Tratando a la opinión pública como alondras a las que distraer con señuelos que la hagan caer en sus redes, Sánchez disimula sus enjuagues con argucias de todo jaez. Así, con la añagaza de una mejor regulación de los delitos de rebelión y sedición, provee de una amnistía encubierta a los golpistas del 1-O.
Es lo que el jurista Piero Calamandrei, en su ensayo Sin legalidad no hay libertad, cataloga como el régimen del ilegalismo, donde se hacen, cuando conviene, leyes con el único propósito de defraudar la ley y destruir el "sentido de la legalidad". Fue lo que aconteció en la Italia de Mussolini que empezó con una sedición (la marcha sobre Roma). La flagrante violación de la Constitución fue asumida como si se ajustara al ordenamiento jurídico vigente en la representación de una gran farsa.

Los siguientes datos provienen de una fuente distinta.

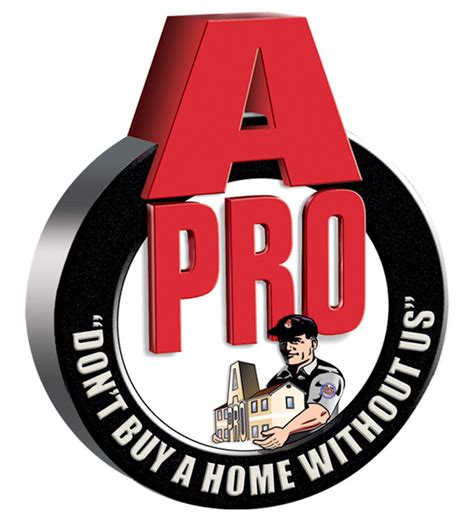 aprologocolorjpg home inspection franchise   pro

A juicio de Calamandrei, que publicó estas reflexiones de manual en 1944, el principio de legalidad es condición sine qua non para la existencia de la libertad política, pues entraña "la certeza del derecho". En caso contrario, la legalidad se devora a sí misma y franquea la disolución de las sociedades democráticas.
Empero, escuchando sus monólogos de Narciso ante el espejo que reverbera su autocomplacencia sin periodistas moscardoneando con preguntas in- cómodas, Sánchez parece participar de la idea de que un presidente dispone de autoridad suficiente para violar la ley. Esa confesión explícita fue la que acabó enterrando en vida a Richard Nixon cuando, en 1977, en un intento por resarcirse tras su dimisión por el escándalo Watergate acontecido tres años antes, le concedió una entrevista al periodista David Frost. No pudiendo contener su soberbia, le espetó: «Cuando lo hace un presidente, significa que no es ilegal». Si es cierto que, como refiere Lord Acton, el poder corrompe (y el absoluto, absolutamente), no lo es menos que hay políticos que corrompen al poder haciendo suya la ley de hierro del autoritarismo: "Para los amigos, todos los favores; para los enemigos, la ley".
En EEUU, esa conducta cuesta el cargo y el prestigio, pero aquí puede hacer que, con el beneplácito de jueces que se vuelven como girasoles buscando el sol que más calienta, el Gobierno culmine su asalto a la Justicia reduciéndola a mera correa de transmisión de sus antojos y necesidades. Teniendo a la Justicia como verdadera oposición, su prioridad es reafirmar la subordinación de ésta y depurar jueces.
Como hizo en 1985 el ministro Fernando Ledesma, enmendando a su favor la Ley Orgánica del Poder Judicial y anticipando la jubilación de magistrados estimados refractarios. Ello originó el cese inmediato de 136 jueces -doce del Tribunal Supremo- al resolver el PSOE que había que acelerar el avance de togados de su cuerda.
Bajo esa premisa, no extrañará que Sánchez emule al caudillo de la obra más universal de Augusto Roa Bastos, y pretenda erigirse sobre los cascotes del Estado de derecho que trata de derruir con sus aliados de Gobierno, en Yo, El Supremo.